Taxation of Residential vs. Non-Residential Property In Colorado Is a Growing Problem

How real estate is taxed varies greatly from state to state. Here in Colorado, we are blessed with very low property taxes compared to many other states. According to USA Today, Colorado has the 7th lowest property tax rates in the country, although that is a statewide average. The median-value home in Colorado has a property tax bill of just over $2,000 per year, whereas the median-value home in New Jersey, the highest taxed state, has an average property tax bill of over $7,200. In suburban New Jersey, property tax bills over $20,000 per year are not uncommon because of the higher values, not just due to higher local tax rates.

In Colorado, property taxes are very much a local affair. Recently there was a hullabaloo over Metropolitan Tax Districts, in which mill levies can double the property tax in newer subdivisions. You can read my Dec. 26  column on that topic at JimSmithColumns.com.
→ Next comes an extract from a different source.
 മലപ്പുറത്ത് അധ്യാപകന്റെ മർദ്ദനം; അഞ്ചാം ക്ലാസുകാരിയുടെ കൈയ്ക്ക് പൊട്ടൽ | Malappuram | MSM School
This week, however, I’m going to address a different property tax problem that is getting worse every year and has little prospect of being solved politically.
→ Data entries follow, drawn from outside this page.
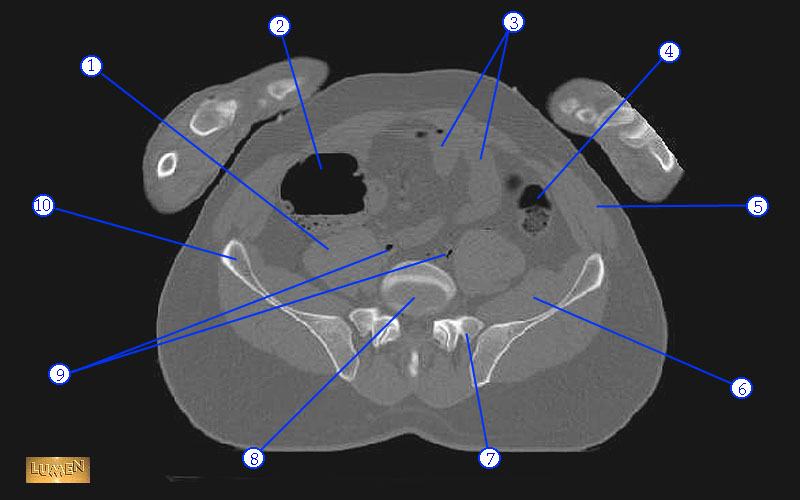 sagittal cross section of pelvis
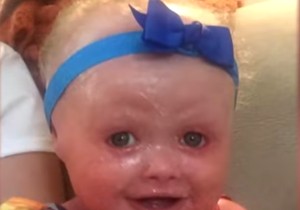 Arlekinov fetus Ana Vilklou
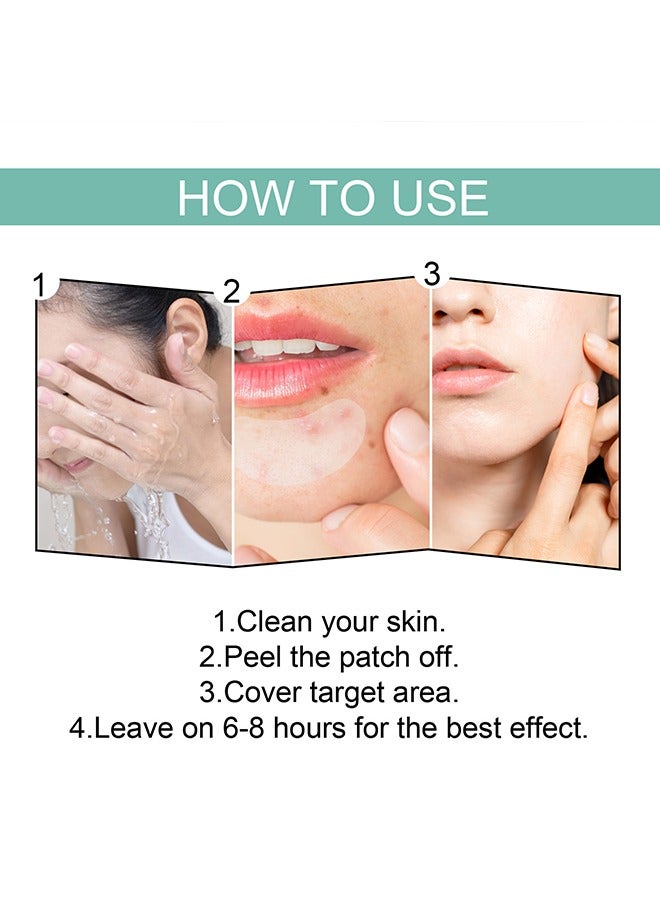 Pimple Patches Acne Patches, 5 Sizes 132 Patches Pimple Patches For Face, Chin Or Body, Acne Treatment with Tea Tree And Salicylic Acid, Hydrocolloid Bandages For Acne Skin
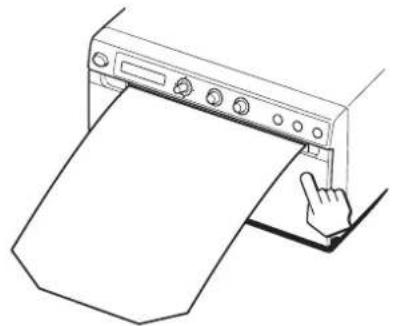 SONY UPD898MD - Remarque - 5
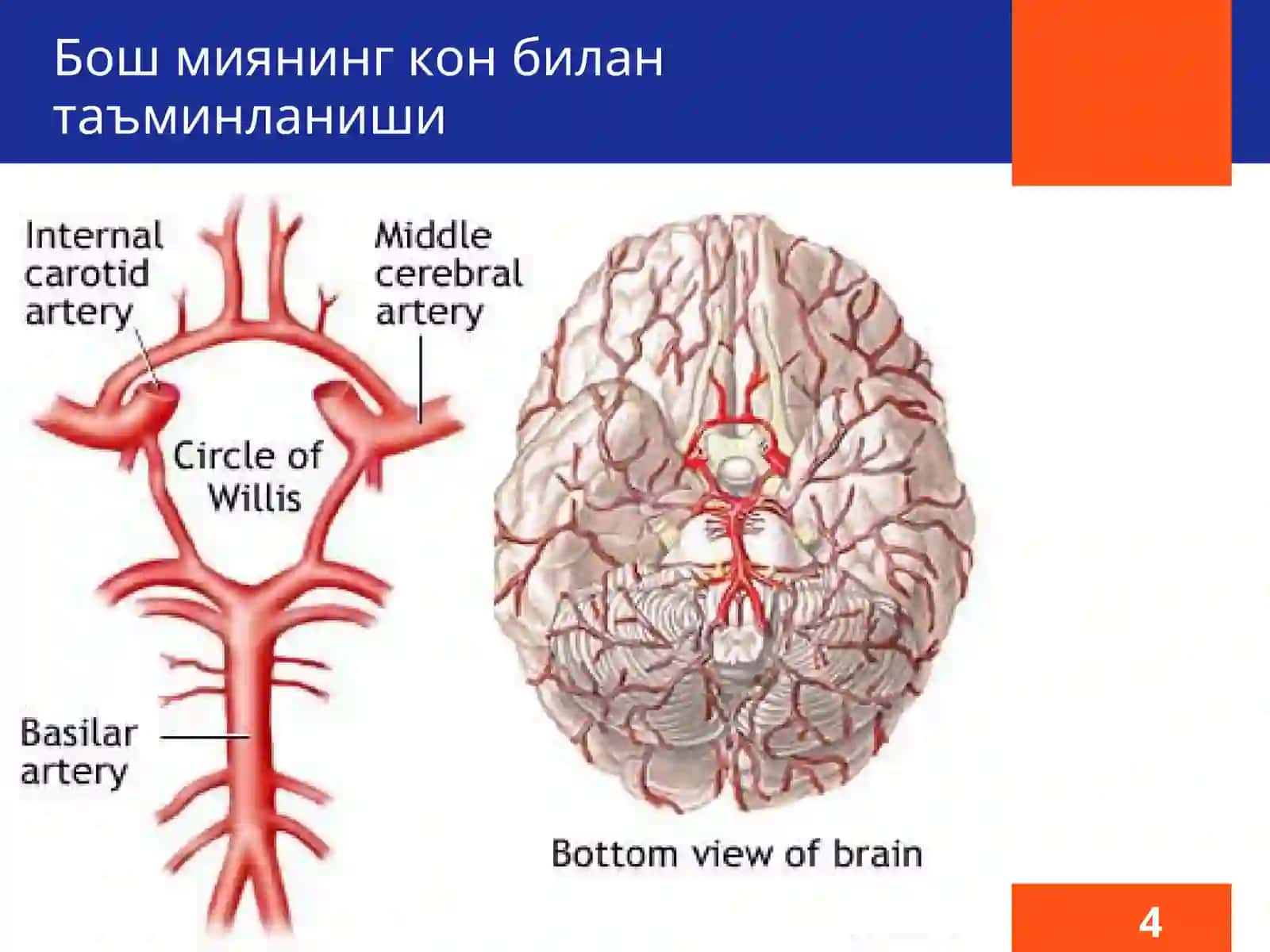 Бош мия ишемияси 4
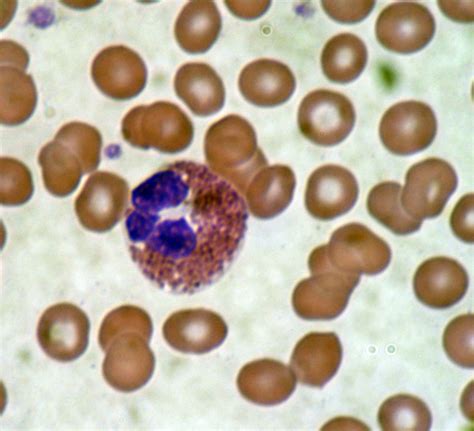ما معنى Leucocytes كلمه Leucocytes في تحليل البول شوق وغزل
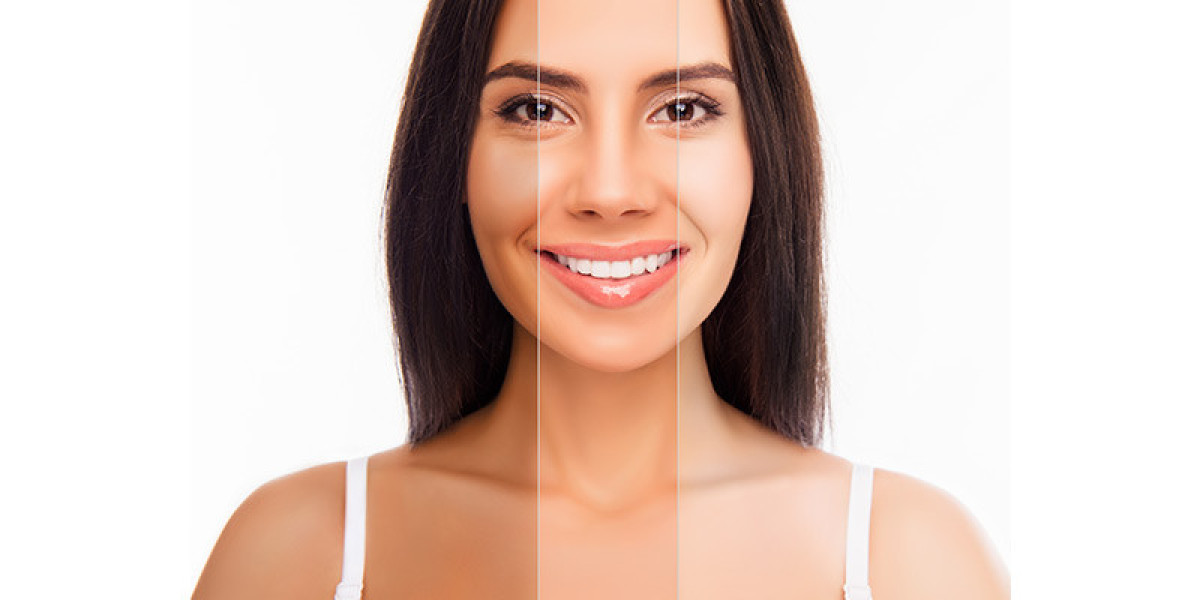 High-End Whitening Procedures: Are They Worth It in Islamabad?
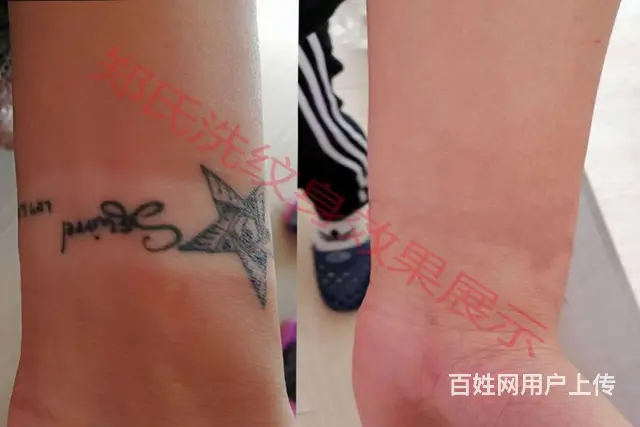 洗纹身就到辽阳郑氏洗纹身专洗别处洗不掉的所有纹身 - 图片 7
The problem is the growing differential in property tax rates for residential vs. commercial and other non-residential real estate, such as vacant land. First you need to understand that property taxes are levied against the “assessed” value of real estate, which is a small percentage of its  actual value. While the assessment rate for residential property — currently 7.15% — keeps going down, the assessment rate for non-residential property is fixed by the state constitution at 29%. That means that the property tax on residential real estate is 1/4 the property tax on non-residential real estate of the same value.

Rita and I own two pieces of real estate—our south Golden home and the Golden Real Estate office building. The county assessor values our home at twice the value of the office building, but the property tax for our home is one-half the property tax for the office building.
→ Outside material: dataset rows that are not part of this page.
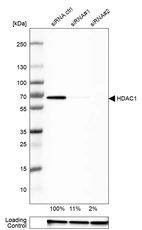 Western blot analysis in RT-4 cells transfected with control siRNA, target specific siRNA probe #1 and #2, using Anti-HDAC1 antibody. Remaining relative intensity is presented. Loading control: Anti-GAPDH.
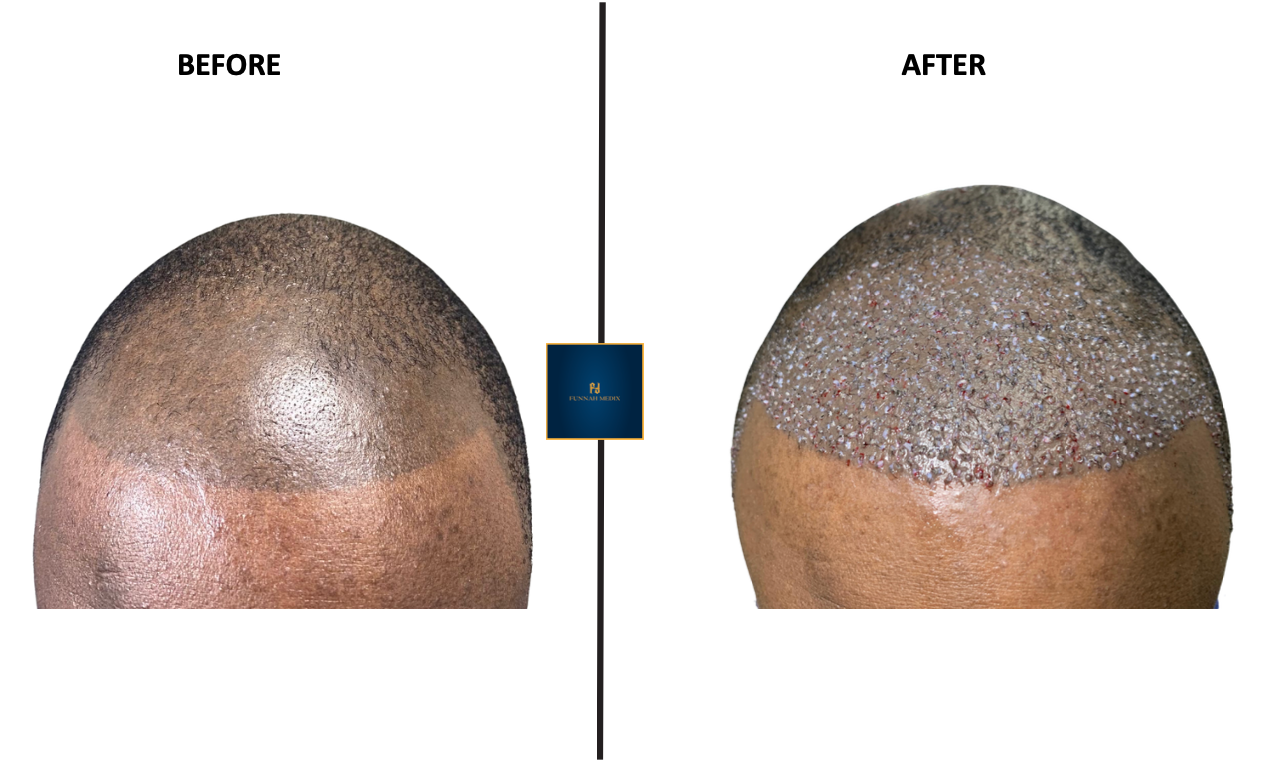 Before and after hair transplant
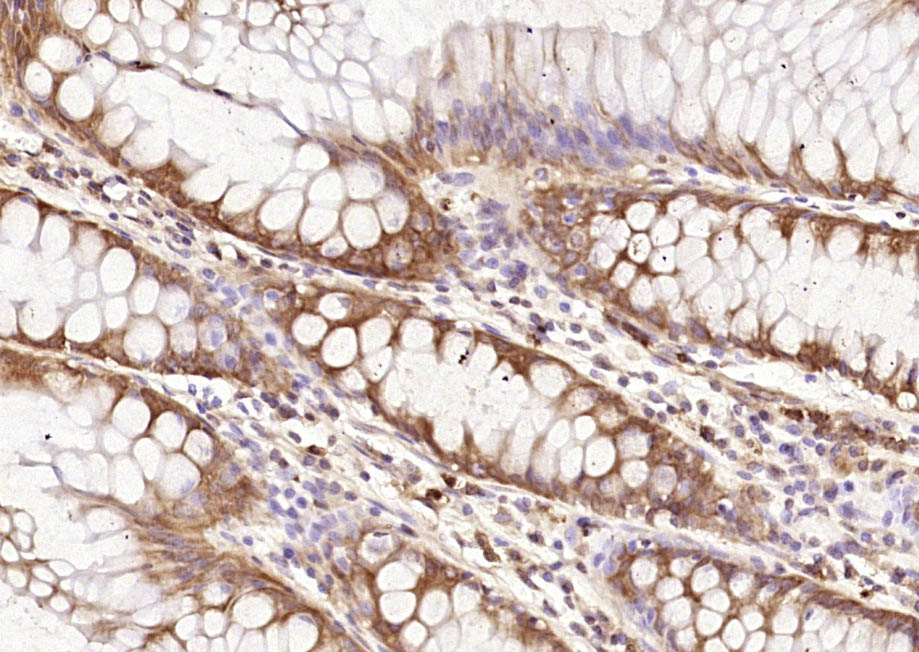过氧化物酶-2抗体-bs-8300R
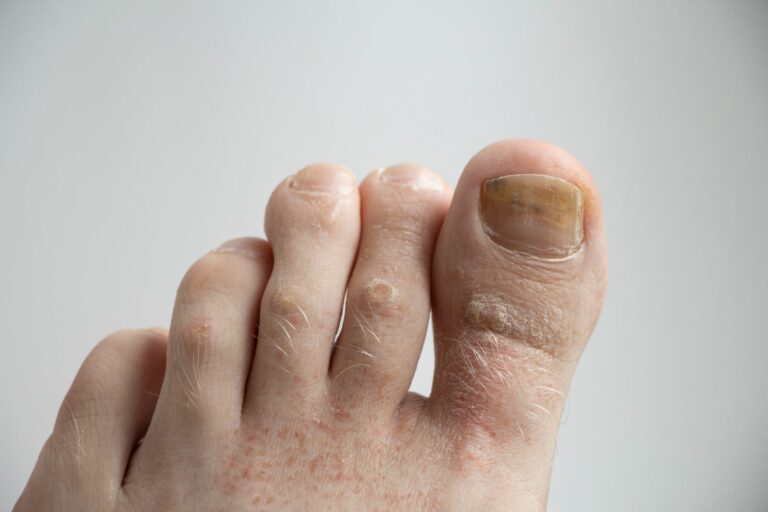 Salud podológica: la importancia de un diagnóstico temprano en dermatología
Vacant land is considered non-residential, so it, too, has an assessment rate of 29%.  As I’ve written before, this puts enormous pressure on the owners of vacant land to develop it, which is upsetting if, like me, you value keeping vacant land undeveloped.

To understand how unfair the taxation of vacant land can be, consider a 20-acre parcel in Jefferson County that is currently listed for sale. The county’s current valuation of the parcel for tax purposes is $275,554, so its assessed valuation is 29% of that, or $81,071.  If the buyer of this land builds a high-end home on it, the valuation might increase, for argument’s sake, to $700,000, but its assessed valuation would be only 7.15% of that value, or $50,050. Thus, the property tax bill would drop by nearly 40%, even though the value of the parcel has nearly tripled!  The current owner is paying over $7,000 per year for his land to sit vacant.

As I’ll explain below, the assessment rate for residential property keeps falling.  Last year it was 7.2% and two years before that it was 7.96%.  Prior to 1982, property of all types had an assessment rate of 30%, but the Gallagher Amendment changed the non-residential rate to 29% and the residential rate to 21%.  Most significantly, the amendment also dictated that the residential assessment rate should be adjusted to retain that year’s 45:55 ratio of residential to non-residential statewide property tax revenue in subsequent years.

As a result of that provision, since total residential valuations have grown much faster than non-residential valuations statewide, the 21% assessment rate of residential property has kept falling and will continue to fall.  And this is likely never to change, since owners of residential property are the voters, and it’s unlikely that homeowners would ever vote to increase their residential property taxes in order to soften the property tax burden of businesses. 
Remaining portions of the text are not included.